In March, the suit said, an Uber driver gave Leena Dawes a ride in Sacramento,Calif. but locked Dawes’ guide dog in the trunk and ignored her pleas to release the animal until they reached her destination.
In some cases, the suit said, Uber has charged passengers who are blind cancellation fees after its drivers refused to transport them. The company refunded the fees after the passengers filed written complaints, the suit said.
In response to the suit, Uber said the company requires its drivers to provide transportation to passengers who are blind and their guide dogs.
“The Uber app is built to expand access to transportation options for all, including users with visual impairments and other disabilities,” the company said. “It is Uber’s policy that any driver partner that refuses to transport a service animal will be deactivated from the Uber platform.”

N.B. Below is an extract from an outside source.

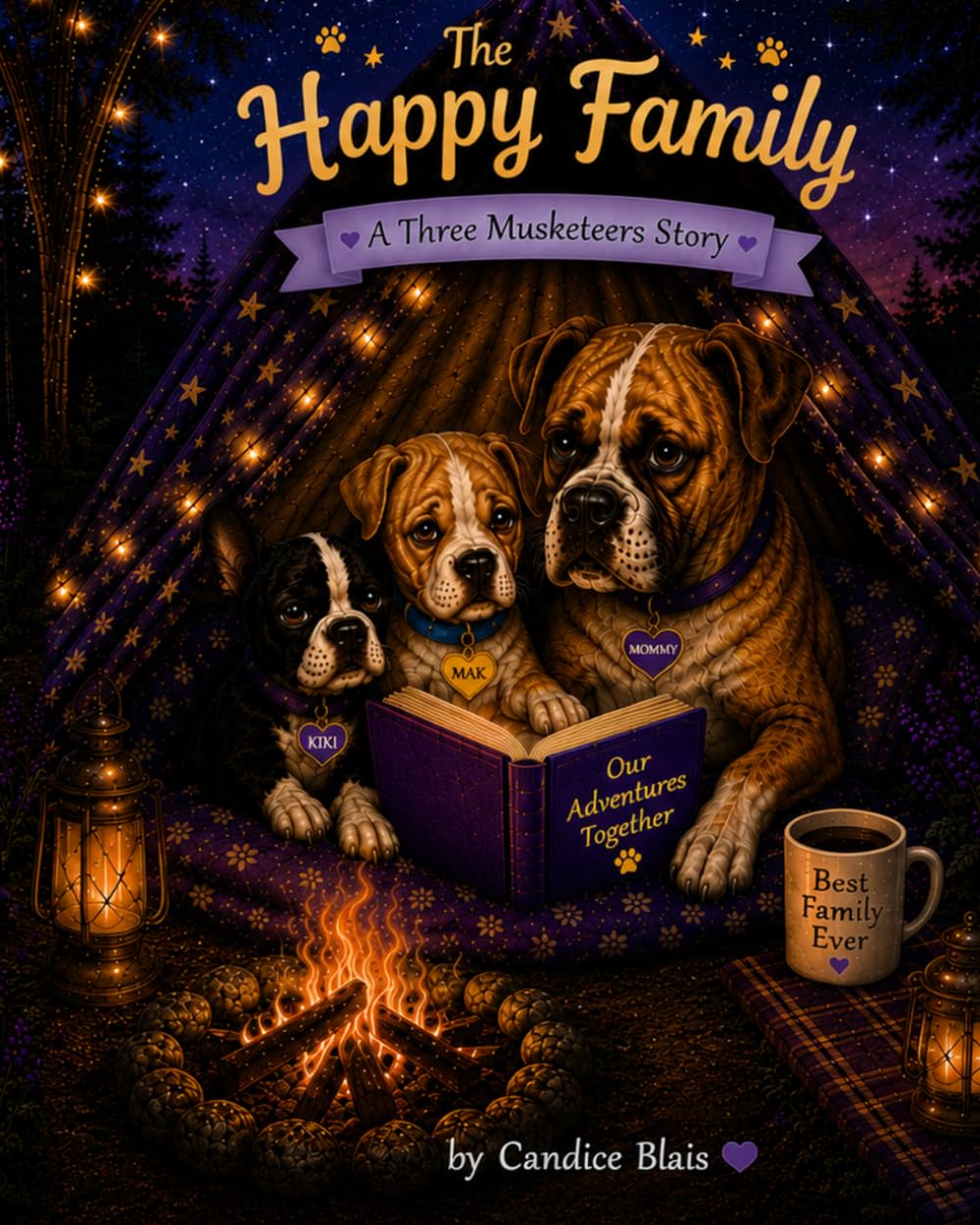 The Happy Family: A Three Musketeers Story (The Three Musketeers: Life’s Ups and Downs)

But the lawsuit said Uber has told passengers who are blind it has no responsibility for its drivers’ conduct because they are independent contractors, not employees. A separate lawsuit by Uber drivers, pending in San Francisco federal court, contends they should be classified as employees and accuses Uber of wrongfully denying them benefits.
Advocates for the blind notified Uber of their discrimination complaints in June and sought to resolve the issue through negotiations, but the company refused, the suit said.
“Our right to independent travel is unjustly jeopardized when Uber drivers refuse to transport or harass blind customers due to the presence of their service animals,” said Mary Willows, president of the National Federation of the Blind’s California affiliate.